PROBLEM TO SOLVE
Locate the line that contains "Scaune de bar, 2". Retype it and every line after it to the end of the records, exactly, but not the pictures.

Entries taken from a collection
══════════════════════════════

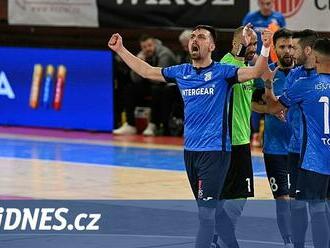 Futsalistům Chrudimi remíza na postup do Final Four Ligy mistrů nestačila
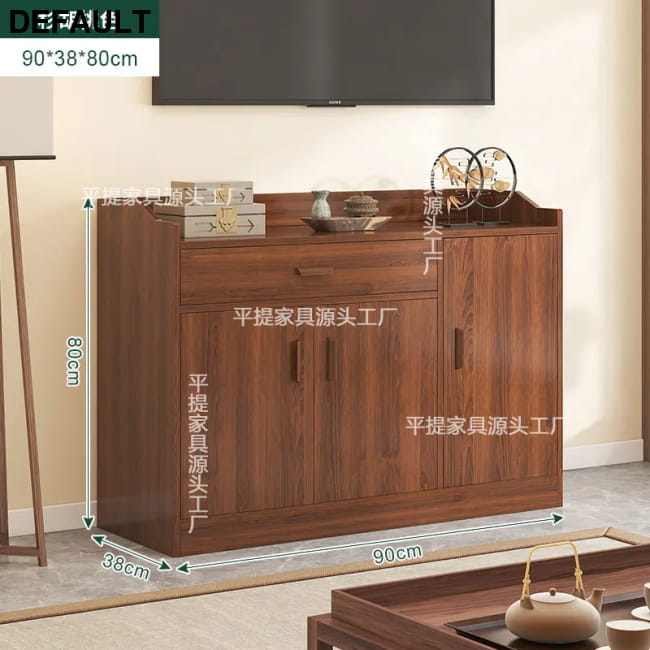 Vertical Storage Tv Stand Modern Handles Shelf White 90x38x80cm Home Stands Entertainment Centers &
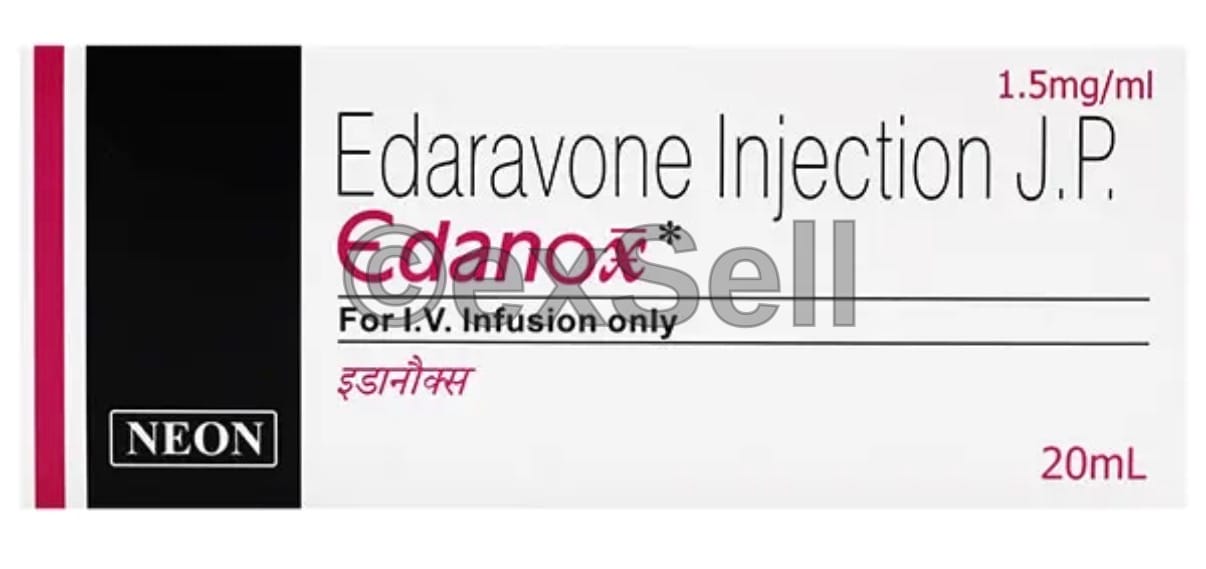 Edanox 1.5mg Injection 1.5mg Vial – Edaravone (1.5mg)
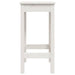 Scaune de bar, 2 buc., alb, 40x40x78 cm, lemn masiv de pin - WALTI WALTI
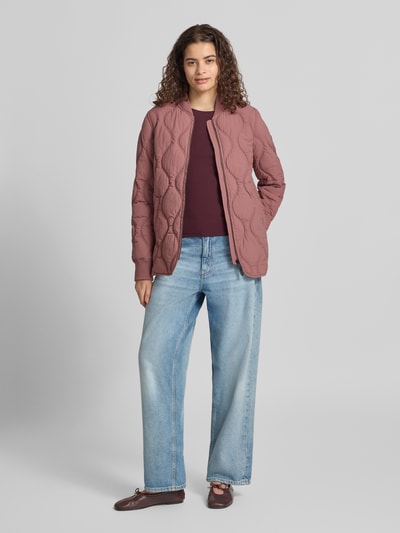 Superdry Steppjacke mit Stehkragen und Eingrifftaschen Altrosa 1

══════════════════════════════

OUTPUT OF THE EXERCISE
 Scaune de bar, 2 buc., alb, 40x40x78 cm, lemn masiv de pin - WALTI WALTI
 Superdry Steppjacke mit Stehkragen und Eingrifftaschen Altrosa 1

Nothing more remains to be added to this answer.